18F / federal-grant-reporting

Improving the experience of federal grant reporting.
Other
1 stars 7 forks source link

Develop understanding of source data #186

Closed danielnaab closed 4 years ago

danielnaab commented 4 years ago

User story

As a new developer, in order to make informed decisions on how to continue development on the Distiller, I would like to understand how data is being scraped from the source system and the underlying data model.

Notes

This task is to review the Selenium scraper and the existing documentation, and ask questions to stakeholders.

Acceptance criteria

danielnaab commented 4 years ago

This repo has some good exploration of the raw FAC data via IPython notebooks:

https://github.com/irenatfh/fac

This repo scrapes data, and while it doesn't look useful to us, is worth looking over:

https://github.com/govwiki/SingleAuditRepo

bpdesigns commented 4 years ago

Thanks @danielnaab. Does this complete this issue? (we can chat about it in our meeting tomorrow if easier)

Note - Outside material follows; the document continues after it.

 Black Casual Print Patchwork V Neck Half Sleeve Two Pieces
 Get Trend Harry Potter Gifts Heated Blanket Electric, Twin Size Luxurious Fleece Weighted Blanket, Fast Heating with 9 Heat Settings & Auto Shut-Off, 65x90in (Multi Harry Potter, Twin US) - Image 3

@cantsin the second link has somethings about downloading FAC data and renaming it that might be worth 👀

danielnaab commented 4 years ago

@bpdesigns I'd still like to walk through the Selenium code and poke around that a bit, to understand how the site is handling the view state.

bpdesigns commented 4 years ago

Holding off on this issue for now pending conversations about data access next week.

bpdesigns commented 4 years ago

@danielnaab wrote a crawler to understand the data